Das F1 Rennen habe ich nur zum Teil sehen können, so zwischen Hotelzimmer und später noch am Flughafen das Finale. Mir hat Alonso gefallen - der Typ ist ein echter Racer und "Beißer" - gibt nie auf und hat auch immer dieses Feuer in seinen Augen. Vettel im Red Bull hatte, so glaube ich, das bessere Auto. Alonso ist die ganze Distanz 100% gefahren.

Respekt davor, denn die Strecke ist sehr anspruchsvoll und macht müde, da steckst du ganz schnell mal in der Mauer. Ich denke, mit dieser Mentalität und Einstellung, kann Ferrari mit ihm Weltmeister werden - zumal auch Alonso sein Team gut führen und motivieren kann!

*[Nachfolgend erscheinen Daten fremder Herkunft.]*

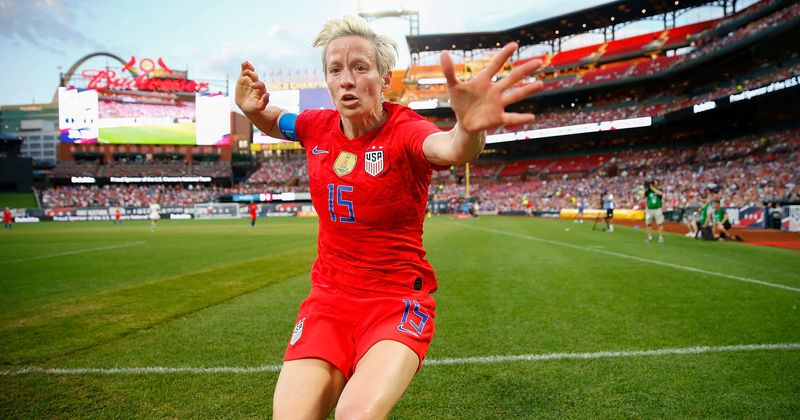 US soccer superstar Megan Rapinoe's goals are equal pay and LGBT rights, and she's not playing around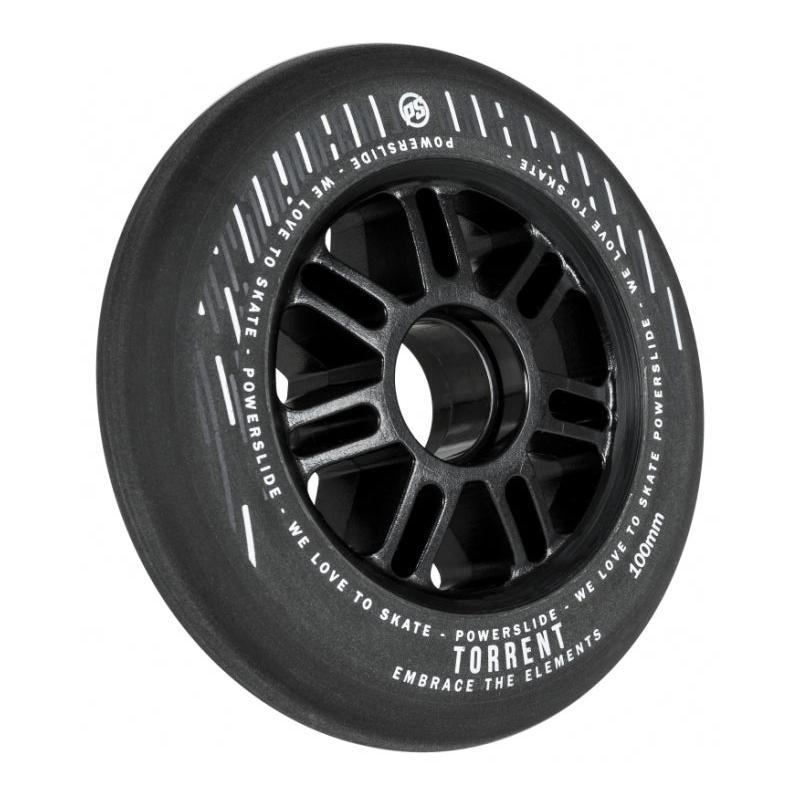Powerslide Wheels Torrent Rain 100mm/84a black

Für Christian geht es in den letzten vier Rennen um den Titel, Foto: Porsche
Für Christian geht es in den letzten vier Rennen um den Titel, Foto: Porsche

Kubica hat mir auch gefallen, die letzten 10 Runden waren für den Zuschauer ein Traum. Okay, er hatte wohl noch die besten Gummis am Auto, aber die Attacken waren total kompromisslos und konsequent - so stelle ich mir einen guten Rennfahrer vor.

Auch Timo Glock hat einen starken Job gemacht - immerhin hat er sehr lange Leute wie Massa oder Sutil mit seinen Virgin hinter sich halten können. Freitags im nassen Training war er ständig in der Top Ten unterwegs - das sind solche Momente, wo ein Fahrer sein Talent zeigen kann - und auch zeigen muss! Der Junge gehört ebenfalls in ein Top-Auto.

Hamilton lernt noch

Es braucht natürlich auch solche Kurse wie Singapur. Auf einer "normalen" Rennstrecke steht dann wieder die Aerodynamik im Vordergrund. Und bei 200 Meter großen Auslaufzonen traut sich auch ein 1b-Fahrer Vollgas zu geben. "Mann" hat ja Platz für Fehler...

Hamilton ist immer noch in einer Lernphase - darf man das so behaupten? Immerhin war der Junge schon Weltmeister - aber er stolpert immer wieder über kleine Fehler. Er hätte Webber nur ein bisschen mehr Platz lassen müssen. Die nächste Kurve hätte eh ihm gehört. Das sind Dinge, die nichts mit Speed zu tun haben, sondern mit Erfahrung und Übersicht. Sicherlich wird er daraus lernen, aber das hilft ihm nicht beim Titelkampf 2010 - die Punkte sind futsch! Monza lässt auch grüßen...

Wundern wir uns nicht, wenn am Ende einer der alten Hasen wie Alonso, Webber oder Button die Nase vorne hat. Natürlich drücke ich Vettel die Daumen, dem gehört die Zukunft. Mal sehen was da noch so abgeht, war es schon einmal so spannend?

Szenenwechsel - jetzt sitze ich daheim auf der Couch und schreibe gerade die letzten Zeilen. Kleiner Kälteschock schon in Frankfurt - natürlich ist es in der Eifel nicht wärmer... Habe mir soeben einen Winterpulli angezogen, sowie kuschelige Wintersocken! Die Heizung läuft auch schon.

Singapur 2011 - ich komme gerne zurück, alleine schon wegen der Temperaturen!